Song by Paul McCartney and Wings

from the album Red Rose Speedway
- Released: 30 April 1973
- Recorded: March–October 1972
- Genre: Rock
- Length: 3:48
- Label: Apple
- Songwriters: Paul McCartney, Linda McCartney
- Producer: Paul McCartney

= Big Barn Bed =

"Big Barn Bed" is a song by Paul McCartney and Wings from the band's 1973 album Red Rose Speedway. The songwriting credits are attributed to Paul McCartney and Linda McCartney.

==Background==
Like the Red Rose Speedway tracks "Get On the Right Thing" and "Little Lamb Dragonfly", "Big Barn Bed" was a leftover from the McCartneys' solo career. The song dates back to 1971, with the opening lines of the track constituting the coda to the "Ram On" reprise on the McCartneys' album Ram. However, during the recording sessions for Red Rose Speedway, the song was recorded by the band for the new album. "Big Barn Bed" was originally intended to be the opening track of the double-LP version of Red Rose Speedway, but although the final album was cut down to a single disc, the song remained the album's opener.

A live version of "Big Barn Bed" was also included as the opening track in the James Paul McCartney television special, broadcast on 10 May 1973. Throughout the performance of the song, a brief description of each member of the band was displayed on screen.

==Lyrics and music==
According to music professor Vincent Benitez, "Big Barn Bed" has a freer structure than most of Paul McCartney's songs. He finds the lyrics to seem more like the words were just "strung together" rather than formed into a coherent whole. The lyrics involve big barn beds and leaping armadillos. The song is in the key of F major.
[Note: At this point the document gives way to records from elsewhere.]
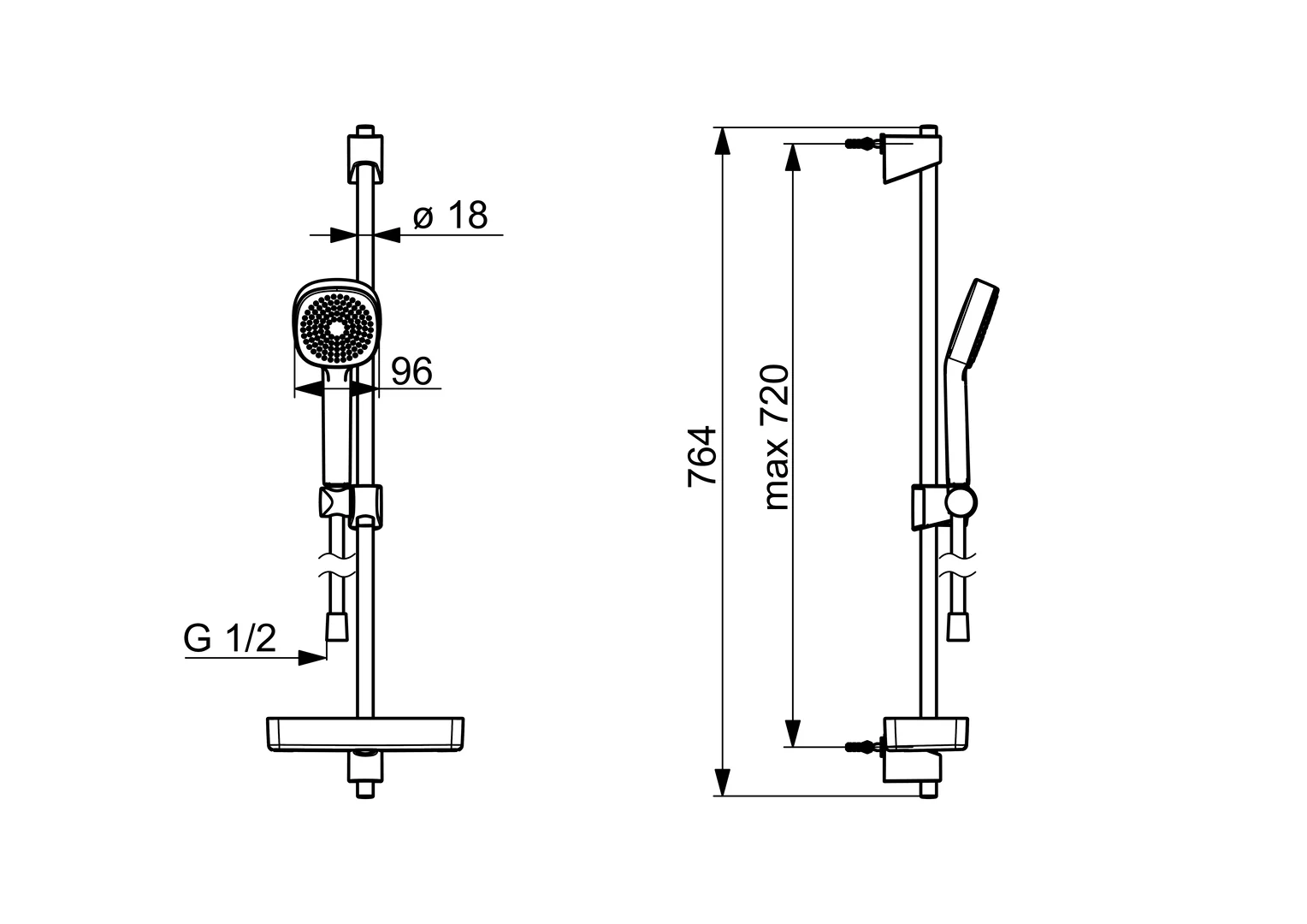 HansaBASICJET Style Wandstangen-Brausenset 4477 1-strahlig Chrom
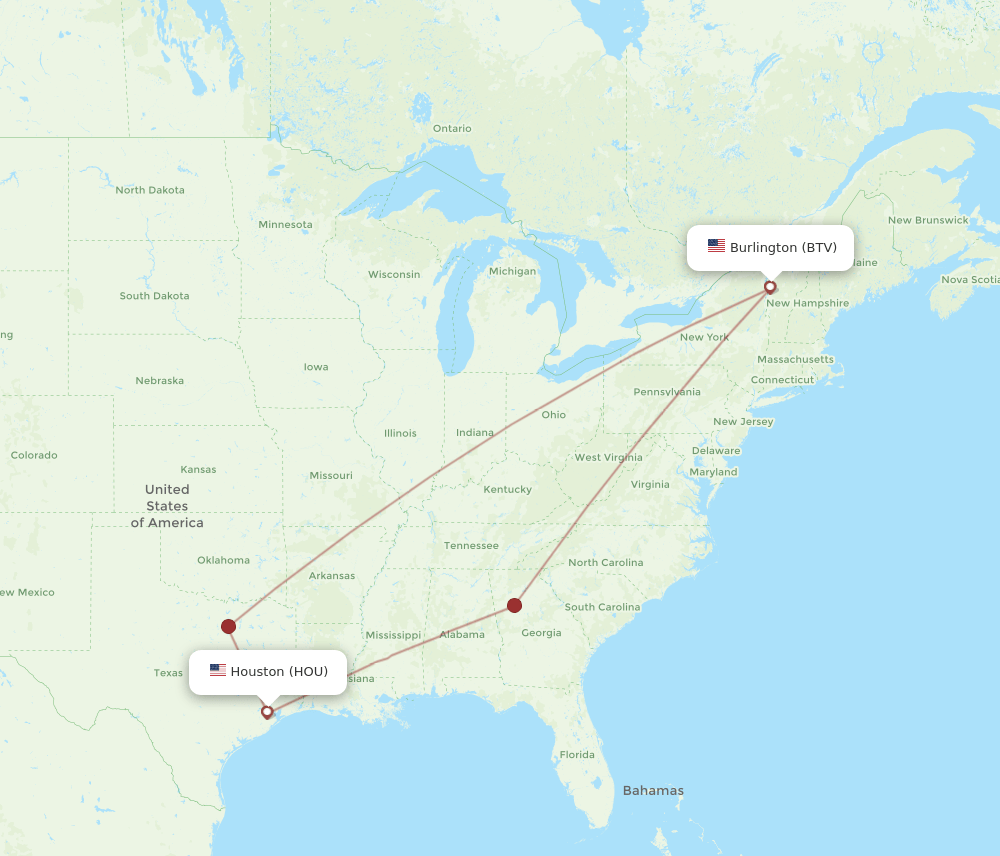 BTV to HOU flights and routes map
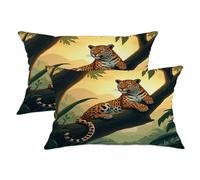 Wild Cat Throw Pillow Covers Set of 2, Orange Leopard Jungle Decorative Cushion Cases for Home Sofa Bed Couch, Nature Inspired Farmhouse Decor 20x12 Inch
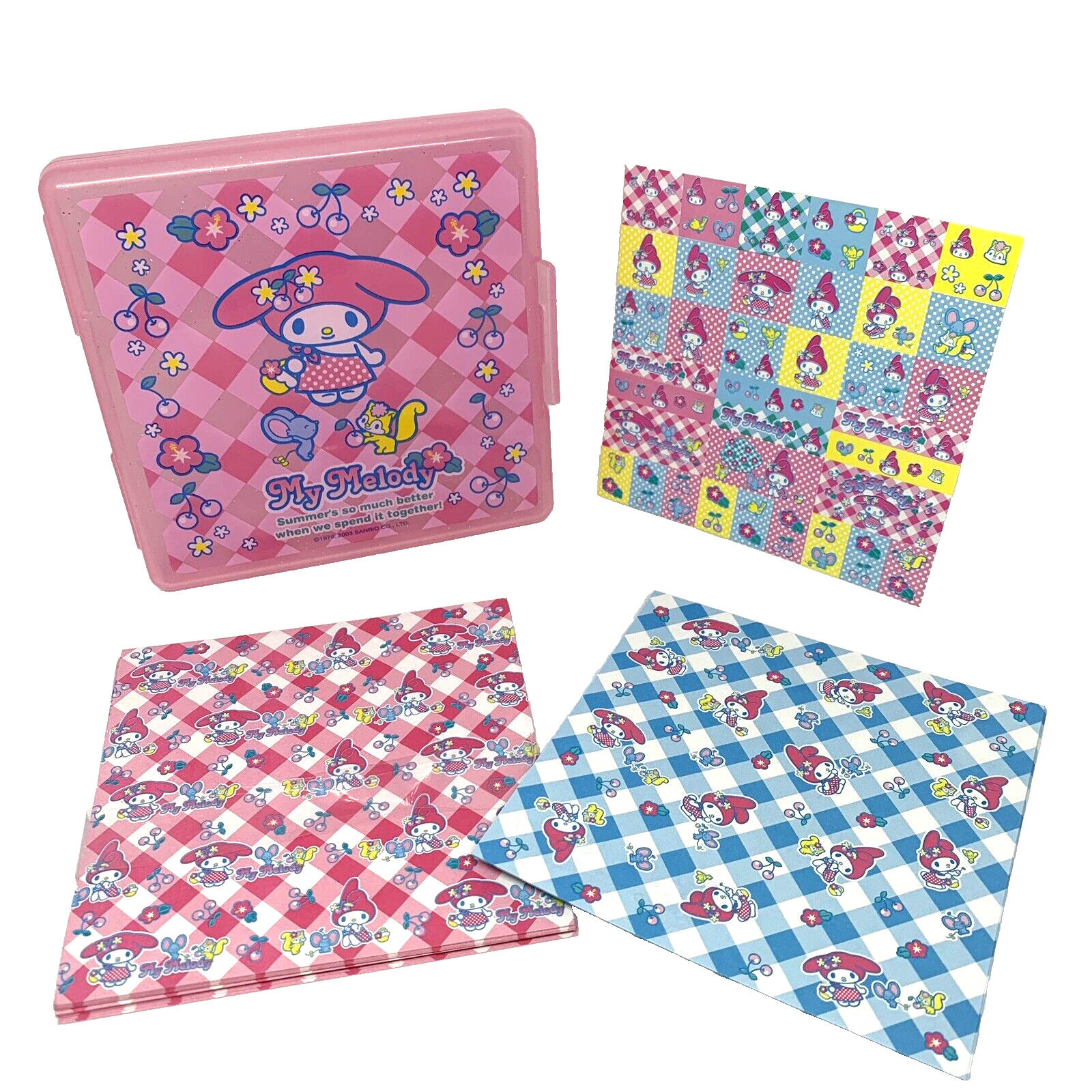 Sanrio My Melody Origami Memo Paper Set w/ Case Vintage 2003 Cherry Flat Risu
Beatle historian Bruce Spizer described the song as "a pleasant-sounding mid-tempo rocker."

==Reception==
In a contemporary review for Rolling Stone, Lenny Kaye described the track as "captur[ing] McCartney's current approach as well as any", saying, "Neither verse nor chorus are anything much, but the song draws you slowly in with the same steady roll of traction demonstrated by that odd union of records which score heavily in the discotheque markets, reaching its peak with the endless repetitions of the chorus line in the end." Los Angeles Times critic Robert Hilburn called it "an exercise in rhythm that lacks impact." NME writers Roy Carr and Tony Tyler praised the "painstaking" production.

AllMusic editor Stephen Thomas Erlewine includes "Big Barn Bed" among "the greatest songs" on Red Rose Speedway, but labels the track as "slight". Guitar World contributor Damien Faneilli rated it as one of McCartney's 15 best "under-the-radar" post-Beatle songs, praising its simplicity, harmonies, acoustic guitars and "weird but fun lyrics". Author John Blaney considered "Big Barn Bed" to be "little more than an underdeveloped fragment that went nowhere". Ultimate Classic Rock critic Dave Swanson rated "Big Barn Bed" as McCartney's 4th most underrated song, saying that it starts Red Rose Speedway "in wonderful fashion" and that "A seductive rhythm lures in the listener and the echo-laden vocals keep you hooked as a catchy-as-can-be chorus ices the cake." Ultimate Classic Rock critic Nick DeRiso rated "Big Barn Bed" to be Paul McCartney's 17th best song with Wings, praising the first half of the song as "so perfect, so joyous and loved filled" that it overcomes its lack of an appropriate conclusion. The song was included on the deluxe edition of the 2016 compilation album Pure McCartney.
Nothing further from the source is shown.